# Chapter 6: Model Development and Offline Evaluation

## Evaluating ML Models

- Not just in terms of metrics (accuracy, F1 etc), but also in terms of stuff like data, compute, training time, inference latency, and interpretability

### Tips to select models

- Don't worry about SOTA. Worry about what works
- Start with simple models
- Avoid human biases e.g. you spend more time developing models that are "newer", so it performs better
    - When comparing different architectures, make sure it's compared under comparable setups
- Good performance now vs good performance later
    - Plot learning curve (i.e. score against sample count), to show you the marginal contribution of more training data

- What are your tradeoffs?
    - False positives vs false negative trade off
    - Compute requirement vs accuracy tradeoff

- What are your model's assumptions?
    - IID?
    - Smoothness?
    - Boundary shapes?
    - Conditional independence?
    - Normal distirbution?

### Ensembles

- Ensembling usually performs great on desktop, but not in production, because it is quite hard to maintain
- But generally, whenever you want to have some kind of marginal gain, ensembling should be your go to first step

### Bagging

- Bookstrap aggregation of raw observations will heolp you reduce variance in model predictions, and avoid overfitting
- Rather than training on only 1 dataset, create multiple datasets through resampling the data you have, then average over all the models

### Boosting

- XGBoost/LightGBM handles this out of the box
- Basically the idea is to train many lousy (simple) classifiers and recombine them to make a strong classifier

### Stacking

- Train base learnings from training data, then create a metalearner to combine the output of the base learners
- Kind of light ensembling, except instead of equal weights you train some complex set of combination

## Experiment Tracking/Versioning

- Best to use something like MLFlow to track and version your model training, so you can keep track of features used/parameters tried. Log things like
    - Loss curve
    - Model performance
    - Samples used
    - prediction vs ground truth
    - Speed (training and inference)
    - System metrics (CPU utilisation)
    - Hyperparameters

- Versioning
    - Versioning ML Models and data used is impt, because data will shift, and you will have multiple copies of the same model on different days (DVC)

- ML fails in many ways
    - Poor data
    - Poor implementation
    - Pipeline failures
    - Hyperparameter failures
    - Feature choice failures 
    - etc

- To debug
    - Start simple and add more components
    - Purposely overfit a single batch, to make sure that you implementation is at least correct
    - Use random seeds to test performance over a variety of runs

### Distributed training

- You can train models across multiple machines, for faster training speed

- Split data on multiple machines, train local models, then accumulate gradients

![async train](./artifacts/6_image.png)


- Split model on different machines and train if tasks are parallel (e.g. each layer of an FFN can be trained on a different model)
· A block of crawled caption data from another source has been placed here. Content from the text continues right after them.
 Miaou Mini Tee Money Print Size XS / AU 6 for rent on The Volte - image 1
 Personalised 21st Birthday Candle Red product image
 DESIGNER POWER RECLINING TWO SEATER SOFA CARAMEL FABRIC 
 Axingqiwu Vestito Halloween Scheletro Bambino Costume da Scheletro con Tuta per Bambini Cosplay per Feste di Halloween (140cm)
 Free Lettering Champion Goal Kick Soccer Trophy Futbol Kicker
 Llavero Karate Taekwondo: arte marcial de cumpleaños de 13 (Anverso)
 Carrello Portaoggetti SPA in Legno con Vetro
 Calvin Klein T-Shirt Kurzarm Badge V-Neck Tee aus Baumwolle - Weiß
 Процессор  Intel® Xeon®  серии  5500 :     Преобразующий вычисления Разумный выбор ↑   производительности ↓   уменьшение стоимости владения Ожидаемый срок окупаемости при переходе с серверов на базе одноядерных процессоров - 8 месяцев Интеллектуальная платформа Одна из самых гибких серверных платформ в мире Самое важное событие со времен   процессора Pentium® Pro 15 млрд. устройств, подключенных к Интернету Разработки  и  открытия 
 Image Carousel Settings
- Split each part of a pipeline to be trained on different machine

## AutoML

- AutoML is a catchall buzzword

- But what's interesting is how automl can be used to automate parts of the model building
    - Automate feature selection?
    - Automate architecture search? 
    - etc

## Model Offline Evaluation

- How do you know that your models are actually working? 

- Often, data in production does not give you ground truth
    - e.g. if you already chose NOT to lend money to someone,it is not possible to have a ground truth label of credit worthiness

- Solutions:
    - Baselines: 
        - Let's say your model is 90% accurate. What if you had random labelling? What is the uplift?
        - What about some simple heuristic?
        - How about some human baseline?
        - Simple model?

- Evaluation - do the labels flip dramatically when:
    - What happens to predictions if I randomly perturb my data?
    - What happens when I remove some features from the model? 
    - Does "70%" probability really mean 70% in your model output? Calibrate it properly
    - Confidence level: you may only want to take action on model outputs that you are confident about
    - Subset evaluation: Are there specific groups that your model underperforms on?